ELFA: Lease Accounting Proposal Could Negatively Impact Economy



A proposal to change how leases are accounted for on corporate balance sheets could have a widespread, detrimental impact on the U.S. economy, triggering a $10 billion reduction in gross domestic product and 60,000 fewer jobs by 2016, the Equipment Leasing and Finance Association announced, citing a new study.

Conducted by information and analysis provider IHS for the Equipment Leasing & Finance Foundation, “Economic Impacts of the Proposed Changes to Lease Accounting Standards” is the first independent study to substantiate how the complex proposal might affect an already fragile U.S. economy.

The new study finds that under the lease accounting proposals being considered by the IASB and FASB:

U.S. companies would add an estimated $2 trillion to their balance sheets–an 11% increase in total debt. Higher debt-to-equity ratios can increase volatility in corporate earnings and companies’ ability to secure financing, among other consequences.

  • U.S. companies could experience a 2.4% reduction in pre-tax net income in the first year of the new accounting rule.

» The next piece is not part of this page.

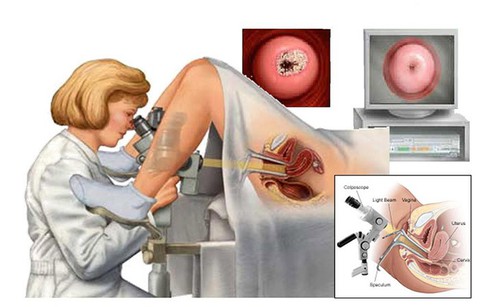 Phát hiện sớm ung thư cổ tử cung bằng phương pháp soi cổ tử cung - Ảnh 1. Phát hiện sớm ung thư cổ tử cung bằng phương pháp soi cổ tử cung - Ảnh 1.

  • The cost of debt could rise through higher interest rates–every 50 basis point increase would trigger a $10 billion reduction in GDP and 60,000 fewer jobs by 2016.

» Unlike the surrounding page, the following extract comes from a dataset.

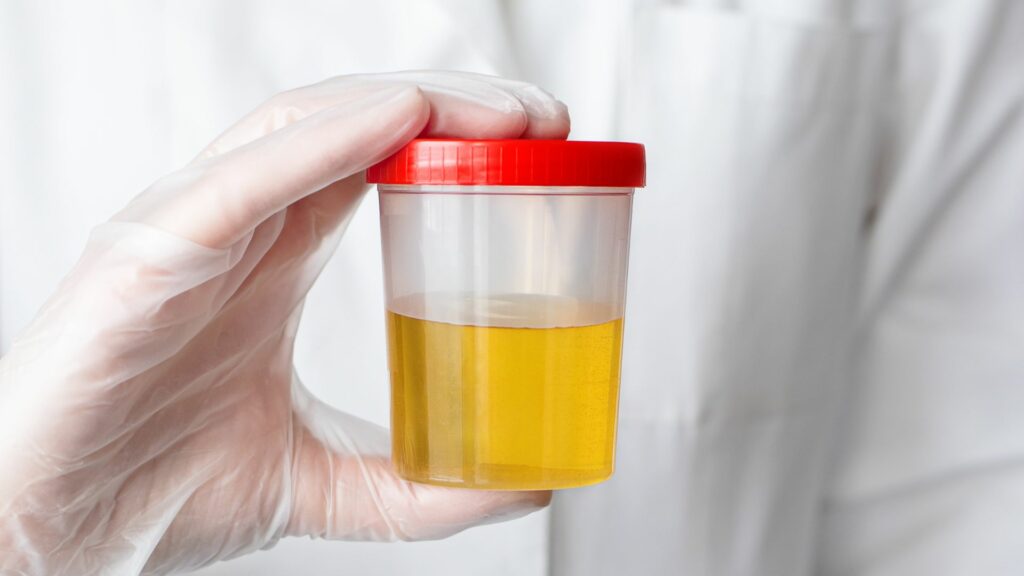 What The Color of Your Pee Says About You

  • The proposal would cause a permanent reduction of $96 billion in the equity–net worth–of U.S. companies, a sizable erosion of shareholder ownership value.

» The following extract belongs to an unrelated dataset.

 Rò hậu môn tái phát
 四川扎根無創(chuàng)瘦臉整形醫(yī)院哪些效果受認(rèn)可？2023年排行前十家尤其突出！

    ELFA, in advocating to protect economic and financial interests of U.S. businesses, proposes that FASB and IASB include four key considerations in their revised lease accounting rules.

    1. Recognize that there are at least two types of leases. Retain the time tested distinction between capital leases and operating leases and retain straight-line expense recognition for the leases that are now considered operating leases.

    2. Offer relief from the complexity and compliance burden of the proposal in areas such as transition, adjustment of estimates in the lease term, accounting for variable rents and disclosures.

    3. Preserve the netting in leveraged lease accounting that allows lease providers to reduce the cost to lease users by hundreds of basis points.

    4. Preserve sales-type lease gross profit recognition that allows captive companies to charge lower rates (as much as 100 basis points).

    “There are many benefits to leasing, and the primary reasons to lease equipment will remain intact under the lease accounting proposals, from maintaining cash flow, to preserving capital, to obtaining flexible financial solutions, to avoiding obsolescence,” said ELFA Chairman Crit DeMent, chairman and CEO of LEAF Commercial Capital. “However, the financial burdens imposed by the standards under consideration are the last thing American businesses already struggling to regain their footing in a challenging economic landscape need. We urge the Boards to reconsider some of the more onerous and burdensome proposals under consideration to minimize the negative financial impact on businesses.”